The lack of a relationship between genome size and selection efficiency in this group could be a result of methodological or biological considerations. Although no direct estimates of census or effective population size are available for the species in our study, one proxy of census population size (range size, Gaston and Blackburn 1996) shows a positive relationship with genome size in bolitoglossines, including a positive (but nonsignificant) relationship in the 15 species in our study. If range size is an accurate census proxy of population size, this also argues against a primary role for drift in increasing genome size in this group, in agreement with our results. It is important to note, however, that many factors including demographic fluctuations, differences in sex ratios or reproductive success among individuals, and population subdivision can alter the ratio of census population size to effective population size (Nc/Ne) and that these factors likely do not impact all species equally. Furthermore, Nc primarily affects the number of mutations that arise in a population and is thus a forward-looking measure while Ne affects the fixation of these mutations in a population and is thus a backward-looking measure (Platt et al. 2018). Because we have no estimate of Ne and only a proxy of Nc, conclusions from the relationship between range size and genome size should be viewed with caution.
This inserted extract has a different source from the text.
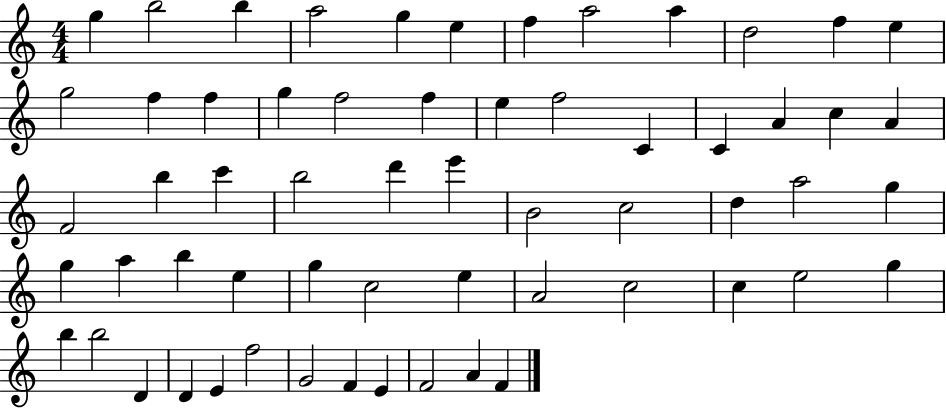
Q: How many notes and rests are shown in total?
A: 60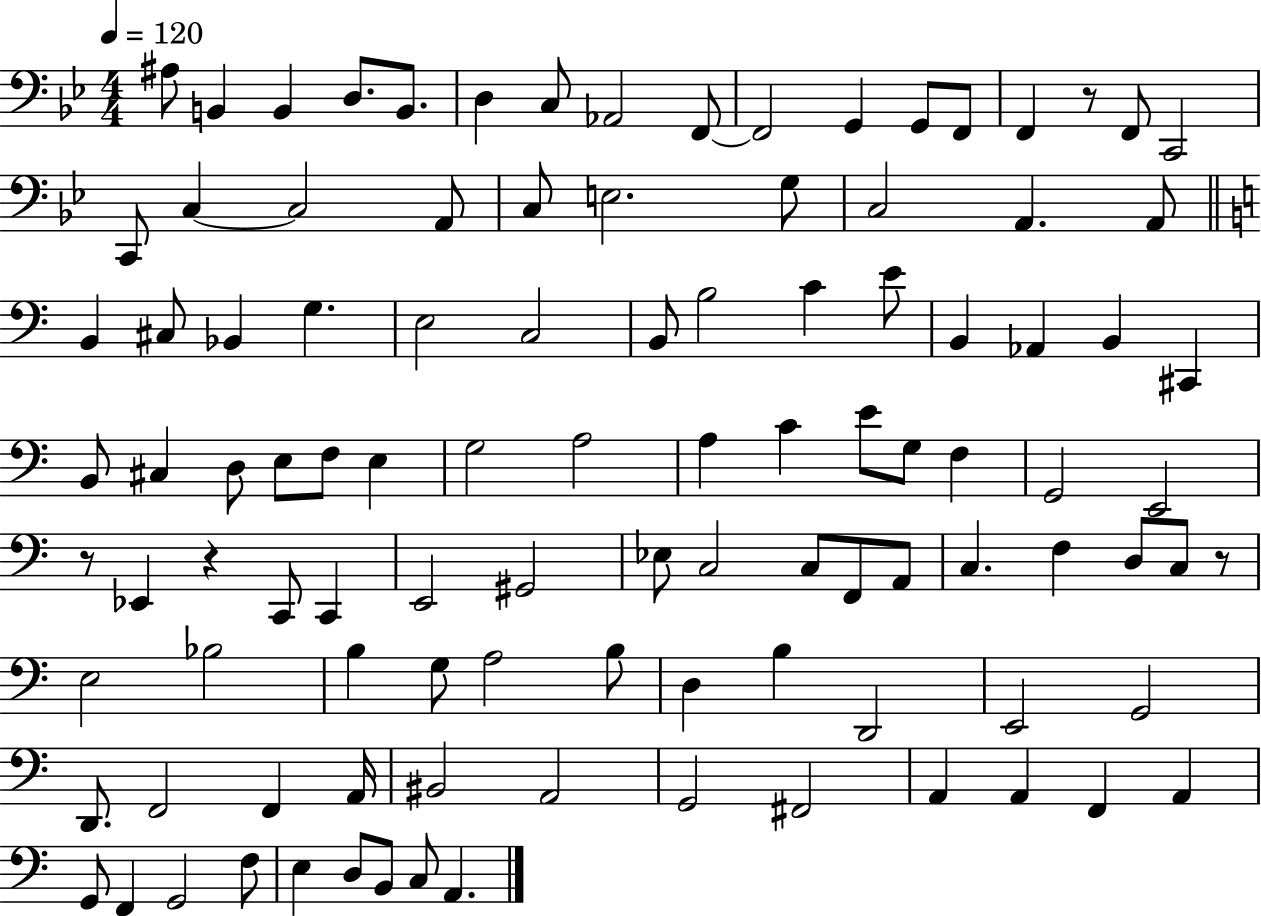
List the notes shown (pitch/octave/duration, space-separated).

A#3/e B2/q B2/q D3/e. B2/e. D3/q C3/e Ab2/h F2/e F2/h G2/q G2/e F2/e F2/q R/e F2/e C2/h C2/e C3/q C3/h A2/e C3/e E3/h. G3/e C3/h A2/q. A2/e B2/q C#3/e Bb2/q G3/q. E3/h C3/h B2/e B3/h C4/q E4/e B2/q Ab2/q B2/q C#2/q B2/e C#3/q D3/e E3/e F3/e E3/q G3/h A3/h A3/q C4/q E4/e G3/e F3/q G2/h E2/h R/e Eb2/q R/q C2/e C2/q E2/h G#2/h Eb3/e C3/h C3/e F2/e A2/e C3/q. F3/q D3/e C3/e R/e E3/h Bb3/h B3/q G3/e A3/h B3/e D3/q B3/q D2/h E2/h G2/h D2/e. F2/h F2/q A2/s BIS2/h A2/h G2/h F#2/h A2/q A2/q F2/q A2/q G2/e F2/q G2/h F3/e E3/q D3/e B2/e C3/e A2/q.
A positive relationship between genome size and body size also exists, in agreement with smaller population size in species with large genomes (as body size and population size are expected to be negatively correlated); this may be due to selection for smaller genomes in miniaturized species, however, rather than drift (Decena-Segarra et al. 2020). Finally, levels of genetic polymorphism within species are not correlated with genome size for either transcriptomic loci or putatively noncoding (ddRAD) loci, and a negative correlation between genetic diversity and genome size would be expected if smaller population size led to larger genome sizes (Segovia-Ramírez et al. 2023). Thus, all results to date argue that salamanders have not experienced stronger long-term drift resulting in larger genomes and reduced selection efficiency.
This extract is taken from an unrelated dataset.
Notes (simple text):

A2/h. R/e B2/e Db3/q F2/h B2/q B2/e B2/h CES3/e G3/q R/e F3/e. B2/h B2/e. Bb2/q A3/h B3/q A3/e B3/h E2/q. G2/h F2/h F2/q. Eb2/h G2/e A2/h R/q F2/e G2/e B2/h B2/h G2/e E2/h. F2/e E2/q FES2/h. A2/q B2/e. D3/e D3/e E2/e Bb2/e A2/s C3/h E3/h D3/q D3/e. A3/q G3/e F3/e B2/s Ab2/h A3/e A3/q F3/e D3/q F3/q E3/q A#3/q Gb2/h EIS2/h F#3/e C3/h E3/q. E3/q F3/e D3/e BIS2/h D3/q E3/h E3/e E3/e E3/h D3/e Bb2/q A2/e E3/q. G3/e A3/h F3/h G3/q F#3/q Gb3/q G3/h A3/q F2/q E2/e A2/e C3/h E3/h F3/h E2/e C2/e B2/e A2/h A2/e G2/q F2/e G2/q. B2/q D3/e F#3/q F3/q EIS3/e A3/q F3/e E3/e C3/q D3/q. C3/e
The hypothesis of reduced selection efficiency resulting from a reduction in per bp recombination rate rests on the assumption that genome size is negatively correlated with recombination rate because of a nearly constant number of chiasmata per chromosome arm. There is some evidence that the number of chiasmata per chromosome in plethodontid salamanders may be higher than the 1–2 observed in most other vertebrates (Stanley Sessions, unpublished data; Morescalchi and Galgano 1973; Macgregor 1993; Pardo-Manuel de Villena and Sapienza 2001). If the number of chiasmata increases with genome size in this group, then there would not necessarily be a relationship between genome size and recombination rate per bp, eliminating the expectation of stronger linked selection and a reduction in selection efficiency in species with larger genomes.

Like other groups with genomic gigantism, salamander genomes have grown large through the activity of transposable elements (Sun et al. 2012). If selection efficiency is not reduced in species with large genomes, another explanation must be sought for the fixation of so many seemingly nonfunctional elements in salamander genomes. Adaptive explanations of genome size increase provide alternative hypotheses to be tested.